Mon Dec 02 2024 UTC 08:06:56.292
 Controller IP Port SSL Status Is Physical Master Session State Controller FQDN Failure Reason
 10.##.##.01 1235 enabled not used false null NA NA
 10.##.##.02 1235 enabled disconnected true down NA OTHER_ERROR <=========== CCP is not UP
 10.##.##.03 1235 enabled not used false null NA NA


GET API for node state shows node state as "NODE_NOT_READY" and failure message as "Waiting for edge node to be ready."

GET https://10.##.##.01/api/v1/transport-nodes/########-4107-####-bb04-############/state
{
    "transport_node_id": "########-4107-####-bb04-############",
    "maintenance_mode_state": "DISABLED",
    "node_deployment_state": {
        "state": "NODE_NOT_READY",
        "failure_message": "",
        "failure_code": -1
    },
    "hardware_version": "vmx-##",
    "state": "pending",
    "details": [
        {
            "sub_system_id": "########-4107-####-bb04-############",
            "sub_system_type": "Host",
            "state": "pending",
            "failure_message": "Waiting for edge node to be ready."
        }
    ]
}


Logs :

To check high count of EdgeConfigUpdateMsg sent by the Edge Nodes to MP.

/var/log/proton/nsxapi.log

Minute wise count of EdgeConfigUpdateMsg sent from all edge nodes.

/var/log/proton$ grep "Receive EdgeConfigUpdateMsg" nsxapi* | grep "2024-12-01T09:21" | wc -l
173

This tells approximately 173 EdgeConfigUpdateMsg are sent per minute by all edge nodes.


Per edge node per minute EdgeConfigUpdateMsg count.

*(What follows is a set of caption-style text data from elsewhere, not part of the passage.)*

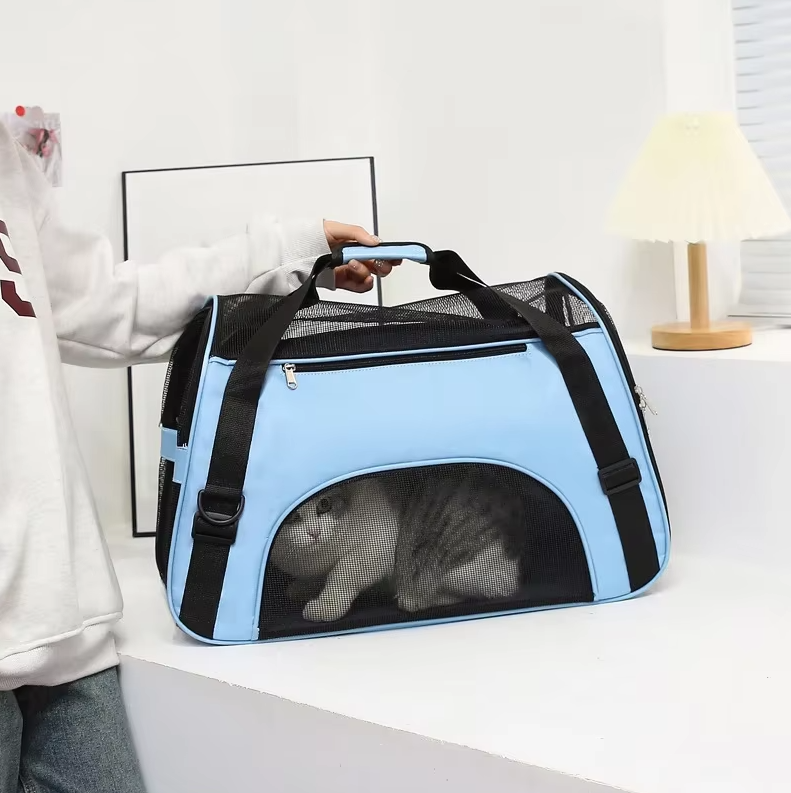 Sac de transport pliable pour chien/chat. Respirant, confortable et sécurisé pour les voyages.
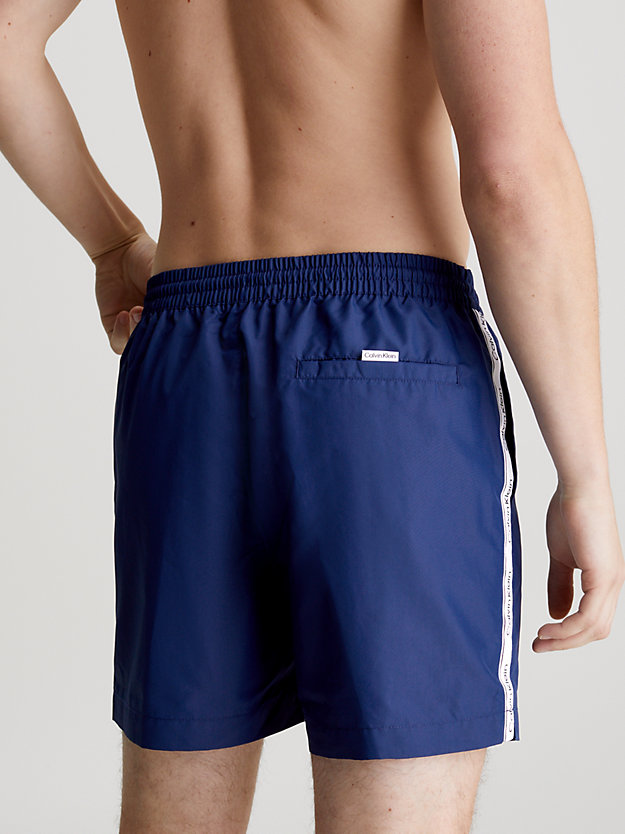 signature navy medium drawstring swim shorts - logo tape for men calvin klein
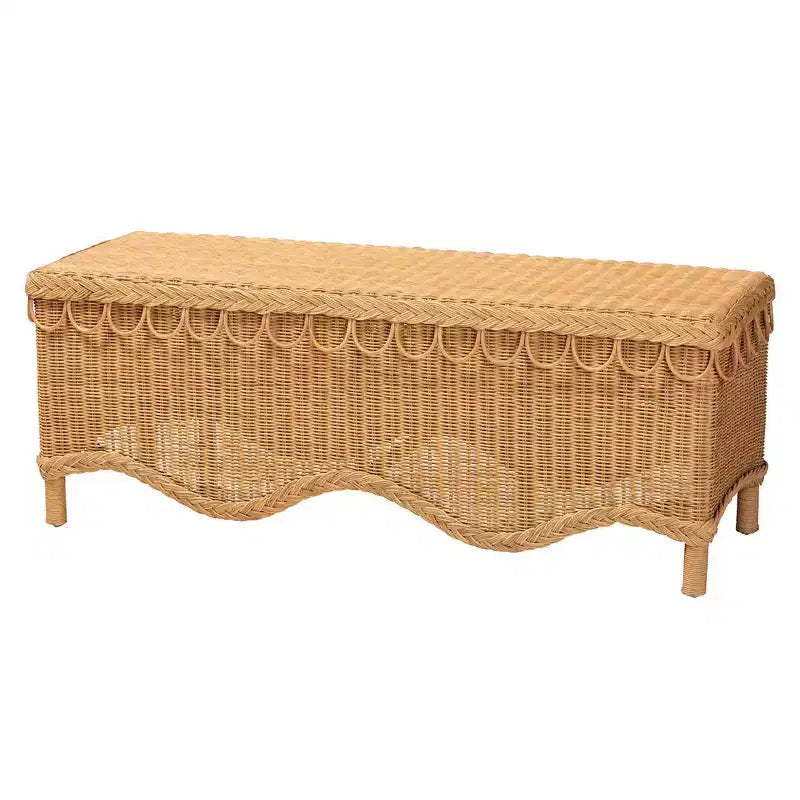 Banc d'appoint en rotin Erla de Bali et Paris avec bordure festonnée en miel clair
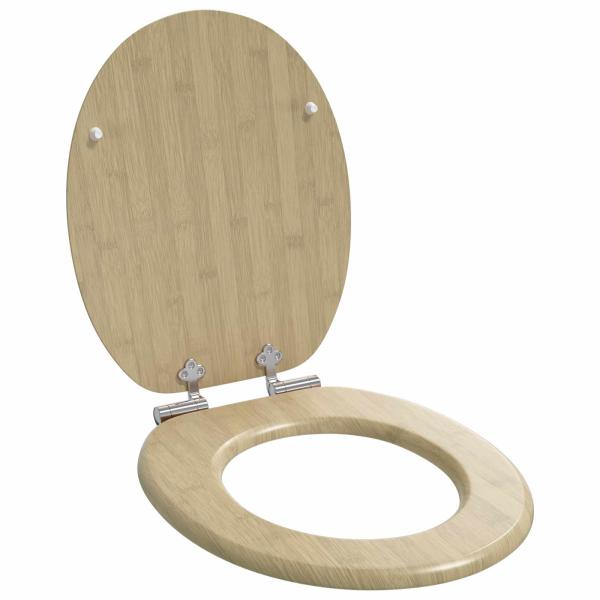 ARDEBO.de - Soft-Close Toilettensitz Heller Bambusfarbton 44 x 38 cm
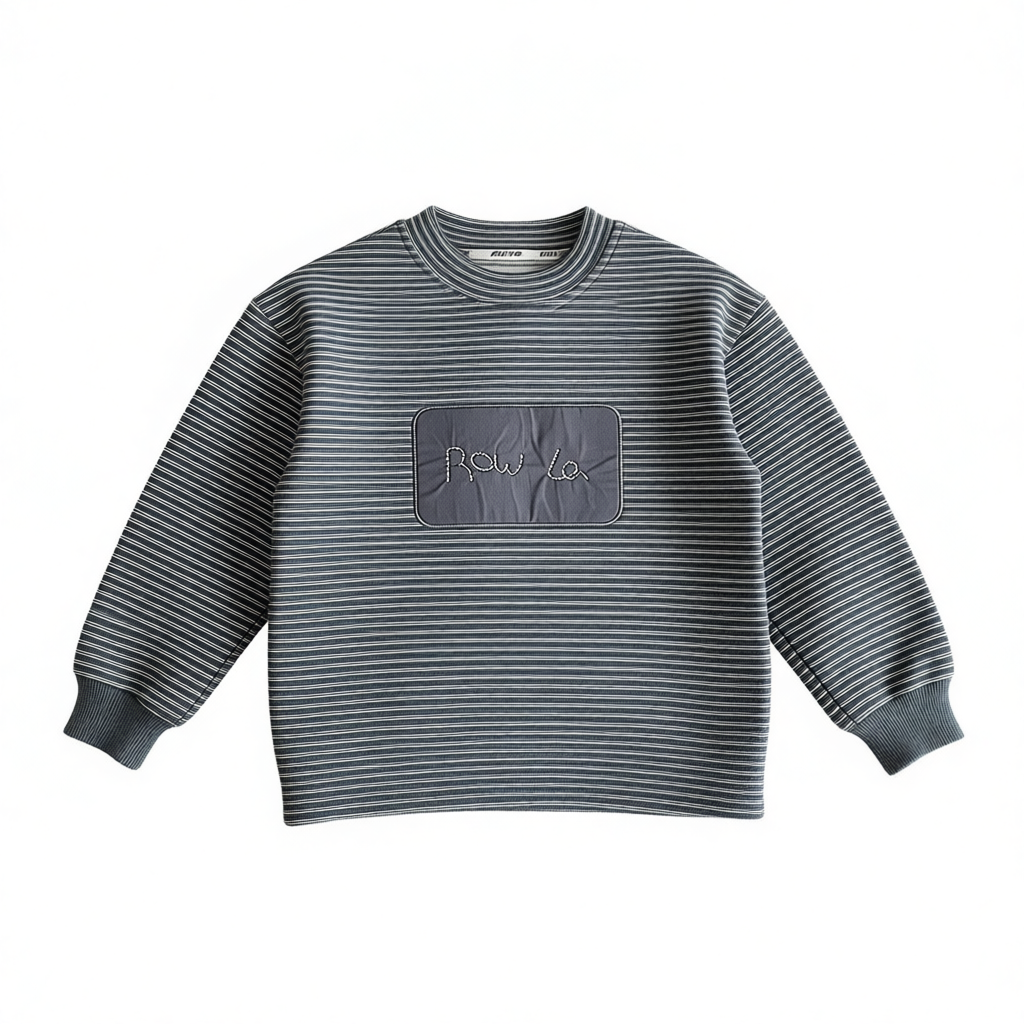 Boys Warm Long-sleeve Sweatshirt Fleece-Lined Striped Charcoal Gray Pullover
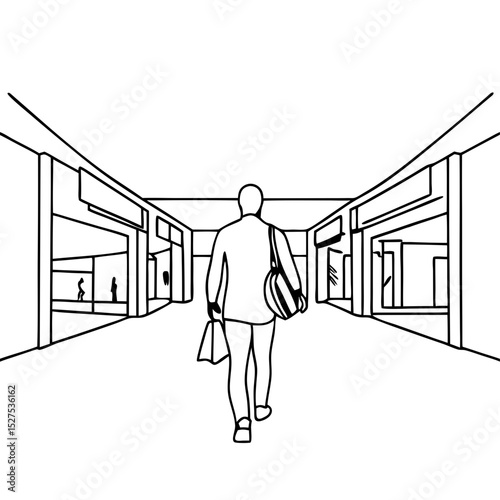 Person Walking in a Shopping Mall Line Art for Retail Blogs, E-commerce Websites, Consumer Insights, and Marketing Materials  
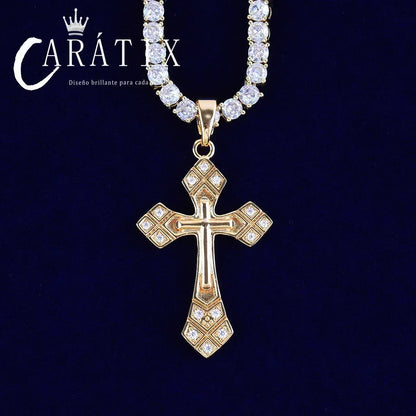 Bubble Letter Arrow Cross Pendant Necklace - CaratixJewelry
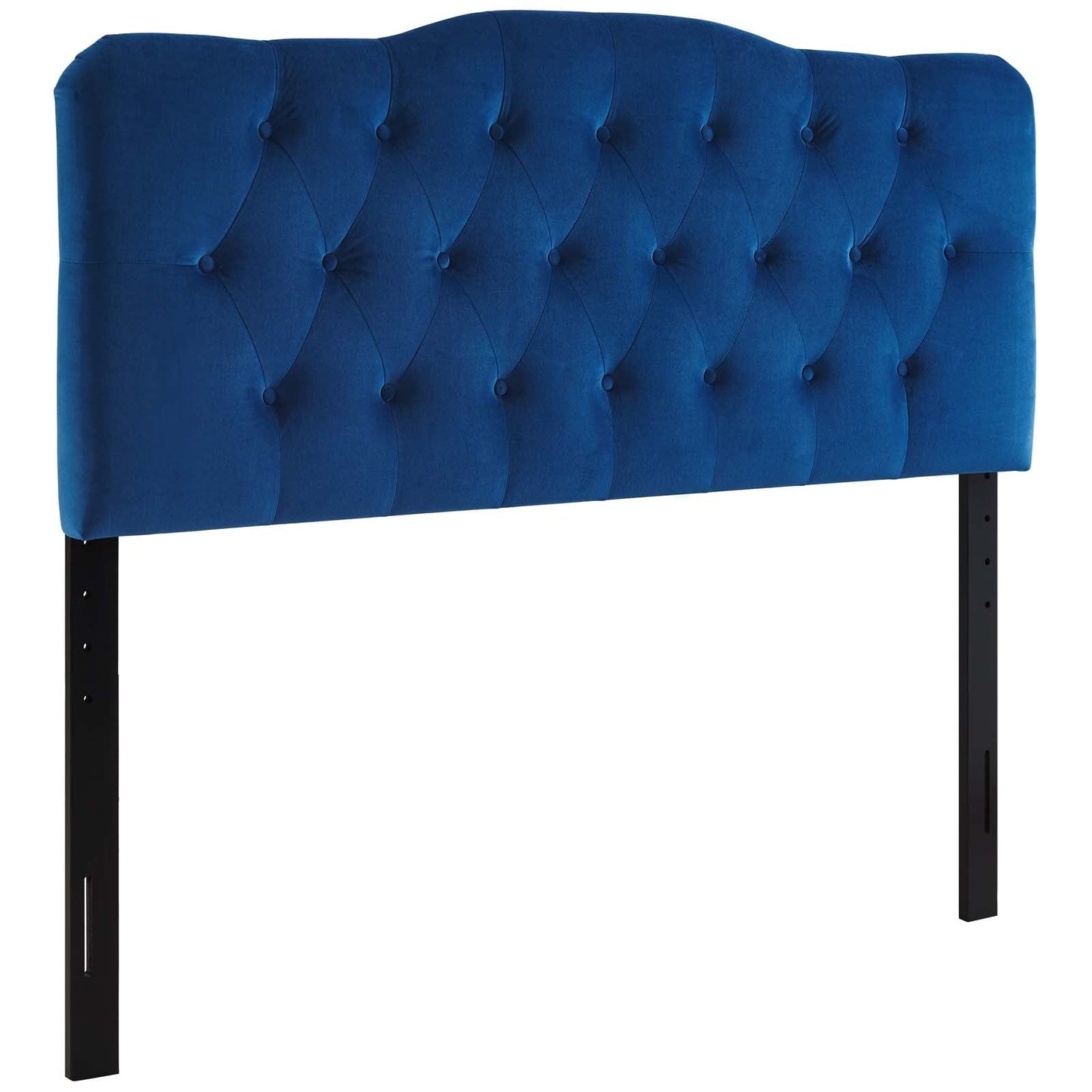 Annabel Queen Diamond Tufted Performance Velvet Headboard Navy MOD-6129-NAV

/var/log/proton$ grep "EdgeConfigUpdateMsg for fabric edge node" nsxapi* | grep "2024-12-01T09:21" | grep ########-b435-####-a299-############
nsxapi.2.log:2024-12-01T09:21:15.352Z  INFO EdgeTNRpcRequestRouter2 EdgeTNConfigUpdateRequestHandler 77172 FABRIC [nsx@6876 comp="nsx-manager" level="INFO" subcomp="manager"] Received message: EdgeConfigUpdateMsg for fabric edge node: ########-b435-####-a299-############
nsxapi.2.log:2024-12-01T09:21:35.972Z  INFO EdgeTNRpcRequestRouter5 EdgeTNConfigUpdateRequestHandler 77172 FABRIC [nsx@6876 comp="nsx-manager" level="INFO" subcomp="manager"] Received message: EdgeConfigUpdateMsg for fabric edge node: ########-b435-####-a299-############
nsxapi.2.log:2024-12-01T09:21:59.148Z  INFO EdgeTNRpcRequestRouter4 EdgeTNConfigUpdateRequestHandler 77172 FABRIC [nsx@6876 comp="nsx-manager" level="INFO" subcomp="manager"] Received message: EdgeConfigUpdateMsg for fabric edge node: ########-b435-####-a299-############

This tells approximately 3 EdgeConfigUpdateMsg are sent by an edge node, even though there is no config changes on edge node. 

On a scale setup, Edge MP gets overloaded with a lot of EdgeConfigUpdateMsgs from Edge (every 5 seconds) which it could not ACK on time. Because of this, incoming AppInitMsgs from new edge nodes are not replied by manager.

Environment

VMware NSX

Cause

Edge is sending high count of EdgeConfigUpdateMsgs at short interval of 5 seconds. If reply is not received from MP, then Edge re-sends EdgeConfigUpdateMsgs again.

In scale setup EdgeConfigUpdateMsgs count becomes high on manager nodes and manager gets overloaded. Because of this incoming AppInitMsgs from new Edge nodes are not replied by manager. This causes Edge node to be stuck in node_not_ready state.

Resolution

Impacted Version : NSX 4.x

Fixed Version : This issue is fixed in future release of NSX.

Workaround : Reboot all 3 manager nodes so that message queue becomes empty and AppInitMsgs from new Edge nodes will get reply.